Populous
Architect's rendering of the new stadium.

Canopy mesh and LED lights

About 88,000 square feet of translucent, synthetic laminate PTFE wraps the stadium and blocks wind. It also seems to transform with the changing natural light. On stormy days, it absorbs an angry sky, and on a blue-sky day it shimmers. At night, it glows with an LED light show.

A demonstration of the LED lights shining through the canopy
A demonstration of the LED lights shining through the canopy

Provided photo

Shell layers
A fiberglass mesh is run through baths of pigment and PTFE, a polymer best known for its use in Teflon. That seals and strengthens the mesh. Two mesh layers adhered to a plastic sheet form the stadium’s silvery skin.

LED light show
At night, 1,660 LED light fixtures back-light the skin, combining to generate every color but black. Builders consulted with government transportation officials to ensure the stadium’s glow – no images or animations are projected – won’t distract drivers passing by on I-94.

Seating and Suites

Notice the stadium's four corners remain open. That leaves space to add permanent seats in all four as well as a new deck above the north end's roof deck, if needed. That'll boost capacity from 19,400 to 25,000 including standing room.

Seats are decorated with the team's colors and insignia.
Seats are decorated with the team's colors and insignia.

Mark Vancleave, Star Tribune

Only the best
Three separate suite and club levels on the stadium’s west side will keep 2,000 people fed and their thirsts quenched.
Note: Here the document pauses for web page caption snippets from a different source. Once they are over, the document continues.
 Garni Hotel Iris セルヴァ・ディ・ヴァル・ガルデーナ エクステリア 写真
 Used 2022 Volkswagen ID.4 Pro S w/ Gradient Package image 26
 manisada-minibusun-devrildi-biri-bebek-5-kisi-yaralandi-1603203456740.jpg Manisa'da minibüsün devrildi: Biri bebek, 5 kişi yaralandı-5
All “premium” seating guests arrive through a private entrance into reception areas three floors high.

1. Suites: Eleven “cabanas” with floor-to-ceiling glass that open in back to a long bar, six suites and an owner’s suite accommodate 350 guests.

2. Stadium and Upper 90 Club: Upper 90 is most exclusive of all, all-inclusive with 90 members only. There will be celebrity chefs and a special dish every halftime, too.
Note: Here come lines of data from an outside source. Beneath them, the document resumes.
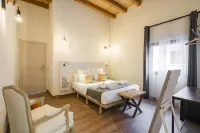 Dobo | Hostal Azacanes - 2-Star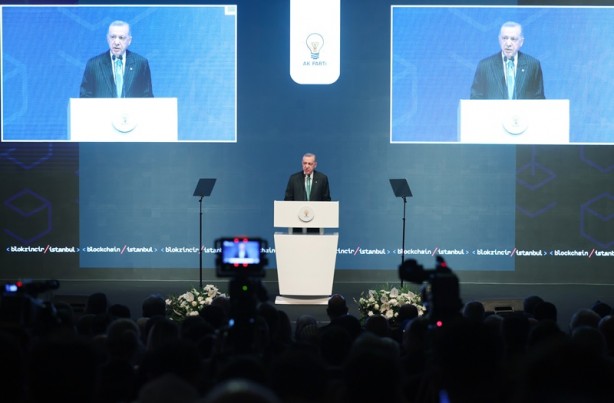 Foto - Cumhurbaşkanı Erdoğan'dan gençlere kripto para uyarısı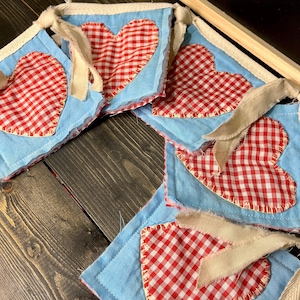Striscione a forma di cuore di San Valentino vintage, ghirlanda a forma di cuore realizzata con trapunta riciclata, decorazione per camino, decorazioni fatte a mano, quadretti rossi, blu, bianco, marrone chiaro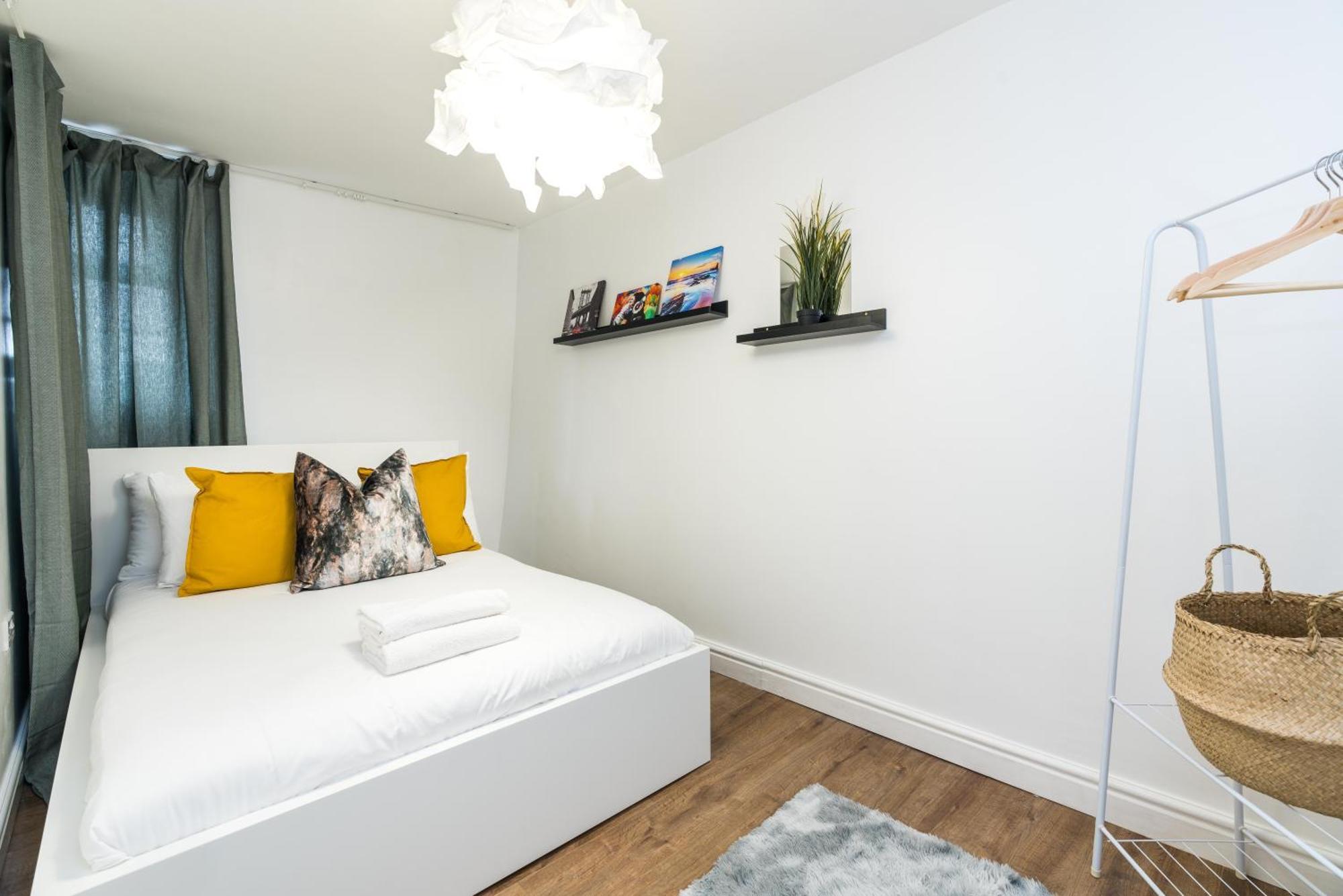 Me3 Cute Central Flat-2bdr-next To Queens Marry Hospital * Londen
3. Loge Boxes: There are 17 with wait service, enclosed by glass on three sides but open to field on the fourth.

4. Field Club: Dramatically lit underneath grandstand. United players parade past 240-plus members to start each game.

The pitch – a three-season playing field

A hydronic heating system, very similar to Target Field’s, can warm the field to wake the grass from dormancy for March games and keep it frost-free and playable into winter. Playoffs, anyone? An advanced drainage system collects stormwater in below-ground tanks and re-uses it.

1. Grow lights: Programmable, portable lights move to help perpetually shaded areas of the field grow.

2. Turf: 97,250 square feet of Kentucky bluegrass was grown in Colorado, harvested last October and trucked to Minnesota.

3. Sprinklers: The industry’s best irrigation heads ensure every blade gets watered appropriately.

4. Root zone: 10 inches deep, a mixture of 93 percent sand and seven percent peat.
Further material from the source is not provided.